Asia Time Online - Daily News

Greater China

Mar 28, 2008

Tibet, China and the West: Back to stereotypes
By Kent Ewing

HONG KONG - For China watchers who hope that mutual understanding and tolerance between Beijing and its Western counterparts will both broaden and deepen as China's international coming-out party - the Summer Olympic Games - approaches, the riots in Tibet have proved a sobering disappointment. And for all those hoping that the Beijing Olympics will not be politicized - it's too late, they already have been.

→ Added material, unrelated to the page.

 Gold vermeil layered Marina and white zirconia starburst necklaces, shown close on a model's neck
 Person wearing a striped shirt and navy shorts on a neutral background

Once again, Chinese and Western leaders have shown us that when things get really tough in China - and the separatist-inspired riots targeting not just the central government but also innocent Han Chinese now living in Tibet and nearby provinces qualify as just that - both parties revert depressingly to form.

The Chinese government has attacked the Western media, the Dalai Lama and all those taking part in the protests in language reminiscent of the Cultural Revolution while Western powers, led by Speaker of the US House of Representatives Nancy Pelosi, have used the violence in Tibet as yet another excuse to demonize China's leaders.

Where we go from here is crucial for both sides, and China clearly has a plan: control Tibet and welcome the world to a peaceful, orderly and, yes, more open China for the Games. "Give us a break," the rising but troubled country all but cries out to the world. "Let us find our own way," pleas the nation of 1.3 billion. But is anybody in the West listening?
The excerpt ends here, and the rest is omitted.